- INPUT DATA:

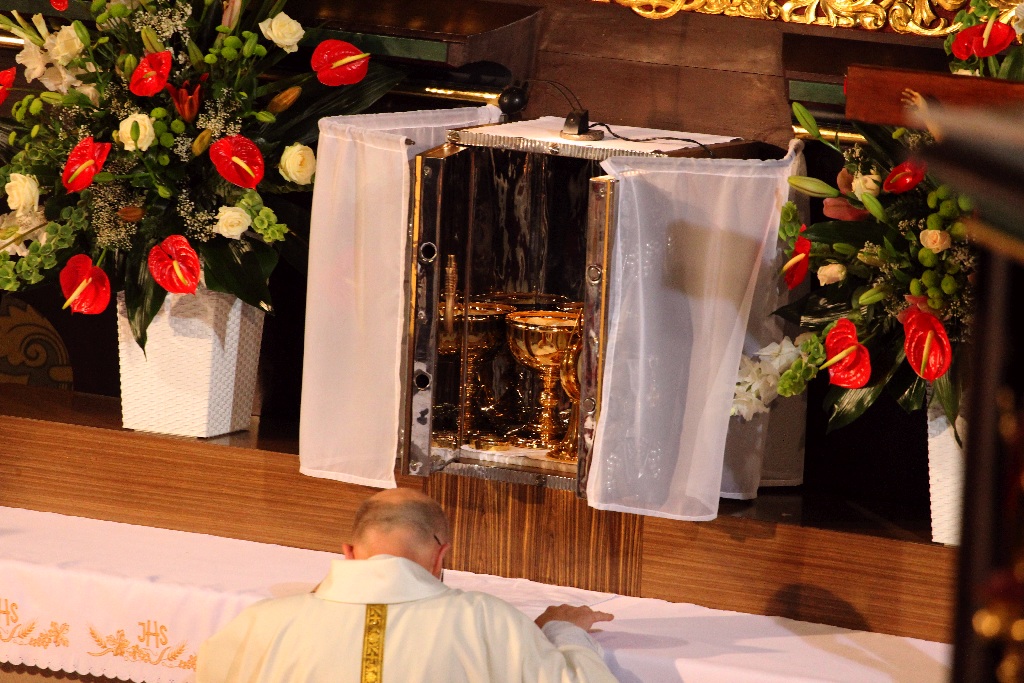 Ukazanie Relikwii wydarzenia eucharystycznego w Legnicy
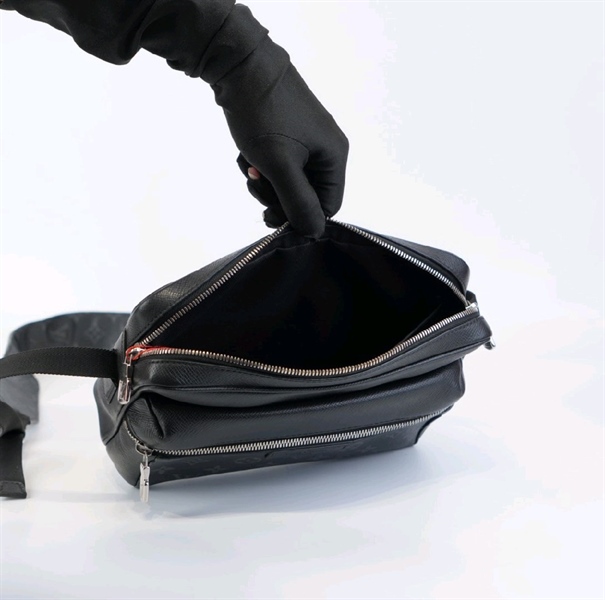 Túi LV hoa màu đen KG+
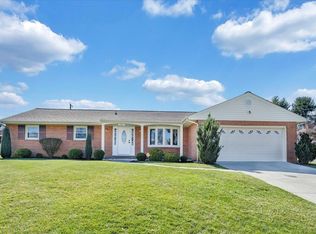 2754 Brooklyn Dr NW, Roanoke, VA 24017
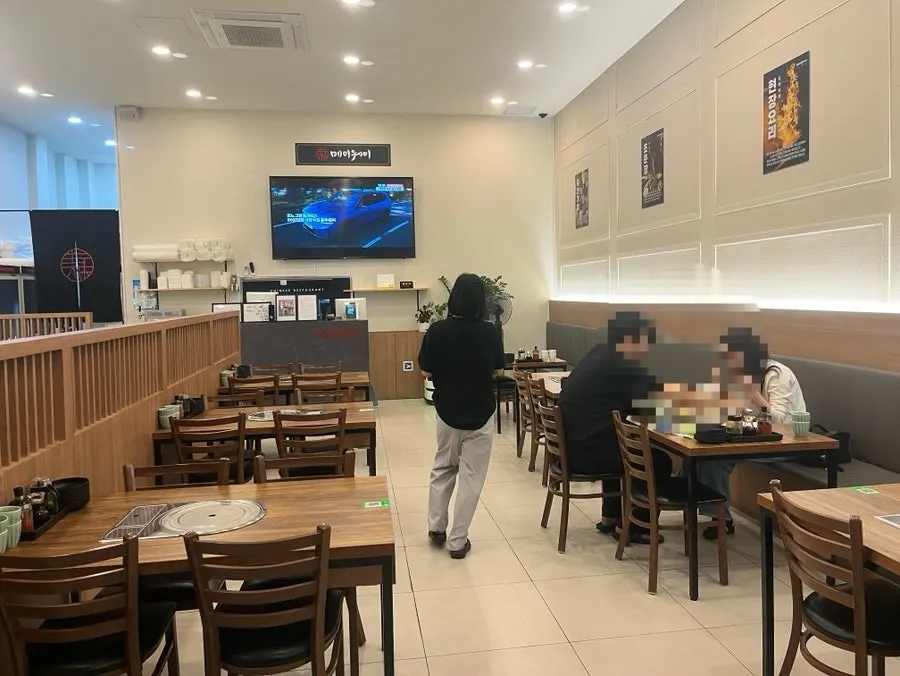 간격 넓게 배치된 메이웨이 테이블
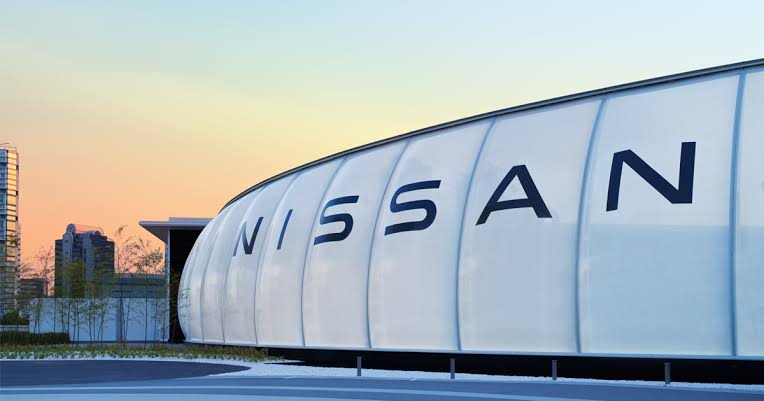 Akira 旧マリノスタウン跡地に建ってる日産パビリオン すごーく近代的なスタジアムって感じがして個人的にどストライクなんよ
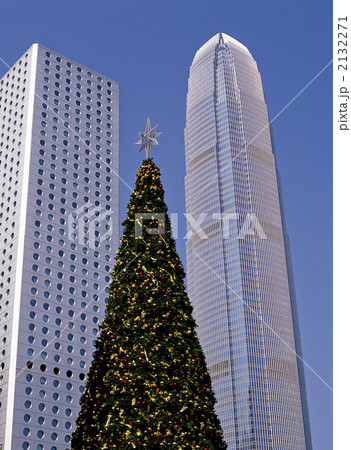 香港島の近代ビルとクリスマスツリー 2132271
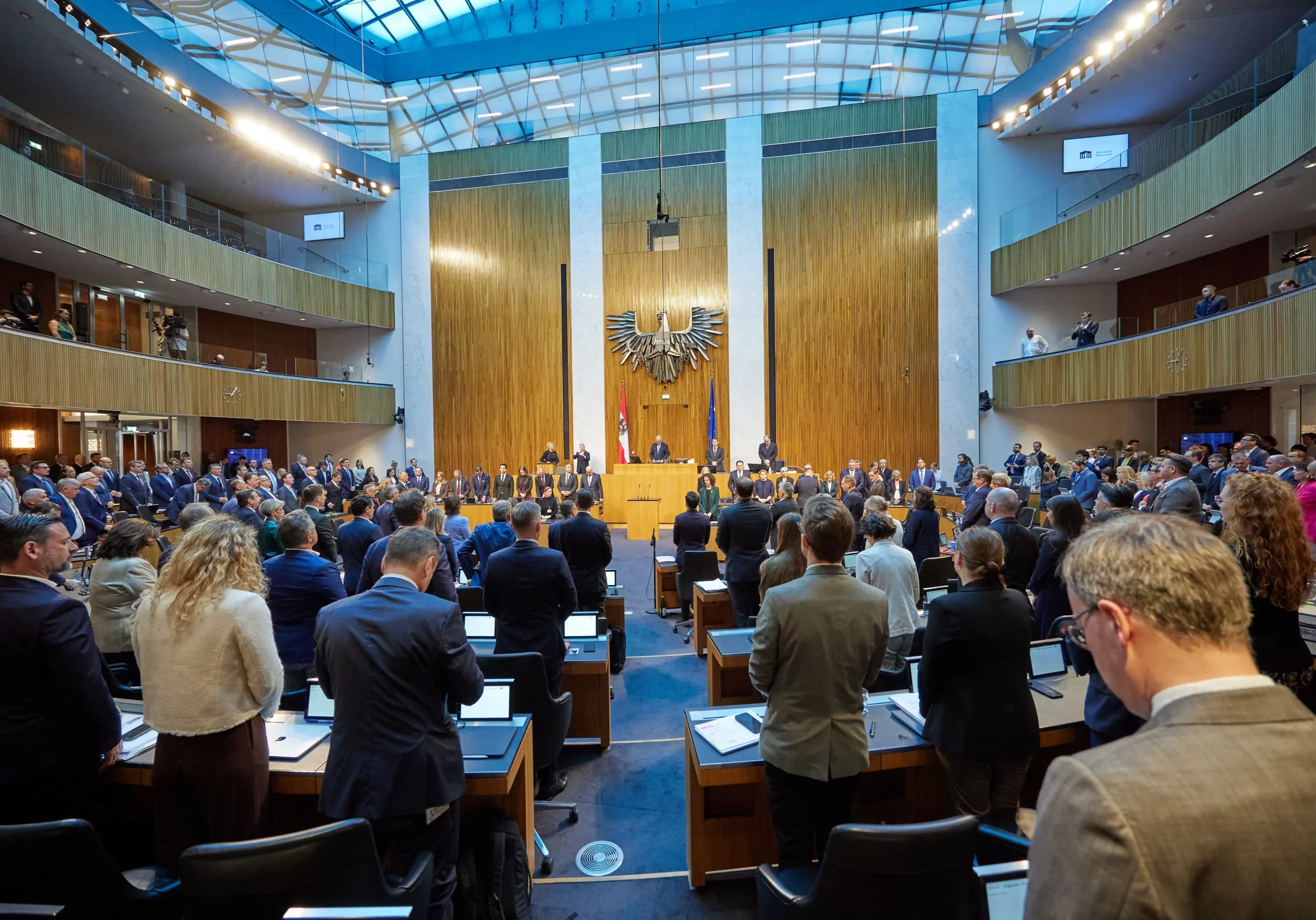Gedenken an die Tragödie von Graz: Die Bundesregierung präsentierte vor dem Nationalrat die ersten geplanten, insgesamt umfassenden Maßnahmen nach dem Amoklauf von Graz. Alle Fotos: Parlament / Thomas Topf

- TASK GOAL: Drop the images and return the data verbatim.

- ANSWER AREA:
 Ukazanie Relikwii wydarzenia eucharystycznego w Legnicy
 Túi LV hoa màu đen KG+
 2754 Brooklyn Dr NW, Roanoke, VA 24017
 간격 넓게 배치된 메이웨이 테이블
 Akira 旧マリノスタウン跡地に建ってる日産パビリオン すごーく近代的なスタジアムって感じがして個人的にどストライクなんよ
 香港島の近代ビルとクリスマスツリー 2132271
Gedenken an die Tragödie von Graz: Die Bundesregierung präsentierte vor dem Nationalrat die ersten geplanten, insgesamt umfassenden Maßnahmen nach dem Amoklauf von Graz. Alle Fotos: Parlament / Thomas Topf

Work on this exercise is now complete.